Notable individuals have participated in MAS salons and/or exhibitions, including artists and administrators Allan Edmunds and EJ Montgomery, master artist Sam Gilliam, collector Paul Jones, writer and appraiser Halima Taha (author of Collecting African American Art), artist and master printmaker Lou Stovall, historian and dance critic Richard Long, artist and filmmaker Camille Billops and writer, professor and filmmaker, Jim Hatch, singer Ysaye Barnwell of “Sweet Honey on the Rock”, political scientist Dr. Ron Walters, Director, African American Leadership Institute at the University of Maryland College Park, collector Dr. Robert Steele, Executive Director of the David C. Driskell Center at UMCP, professor Leslie King-Hammond, Graduate Dean, Maryland Institute, College of Art, poet Sonia Sanchez, curator Ruth Fine of the National Gallery of Art, theatre director Chris McElroen, Co-founder and Director of the Classical Theatre of Harlem, and emerging and mid-career artists Michael Platt, Ray Grist, Bill Hutson, Eric Mack, Preston Sampson, and Sheila Crider, to name a few.
MAS’s groundbreaking program, “On Common Ground,” from 2000 to 2005, inspected the common links between seemingly divergent topics in art and culture.

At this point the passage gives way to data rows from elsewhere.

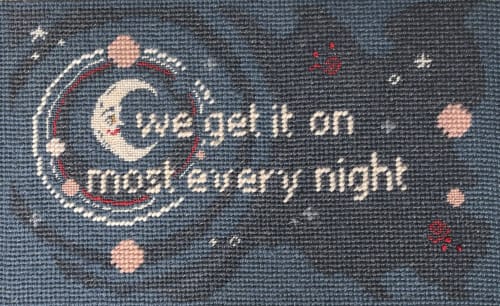 hand-embroidered MOONLIGHT needlepoint pillow, one of a kind | Pillows by Mommani Threads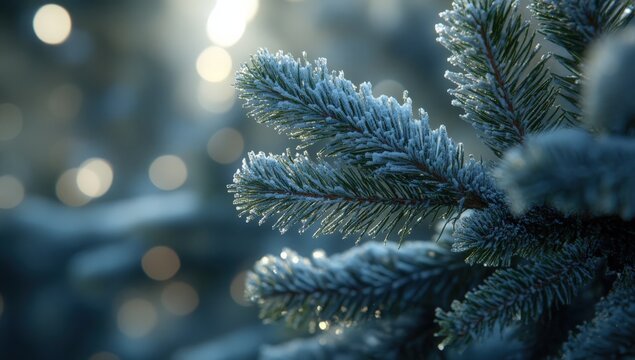 Close up of a pine tree branch with vibrant water drops
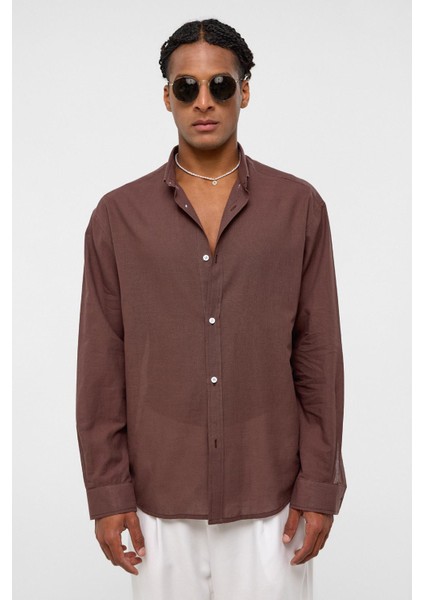 Basic Oversize Pamuk Keten Gömlek Kahve modelleri
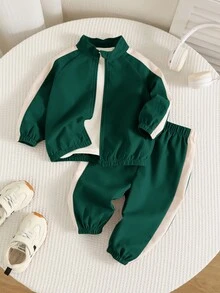 SHEIN 中性嬰兒男/女童 幼兒 2件組 秋冬休閒時尚拼色拼接立領運動衫套裝 外套套裝 嬰兒運動服 冬季衣物 - 綠色 - 查看 1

It’s 2006-2007 program, “It’s All About Art – Visual Art, Performing Arts, Arts and Letters!” builds on previous work, boldly asserts each art form informs the other, and celebrates this fact.
MAS is supported through its staff and volunteers, its membership organization, The Millennium Arts Salon Club, consisting of art interested individuals in the Baltimore-Washington-Virginia area and through its Art Advisory Board, consisting of accomplished professionals in the art field.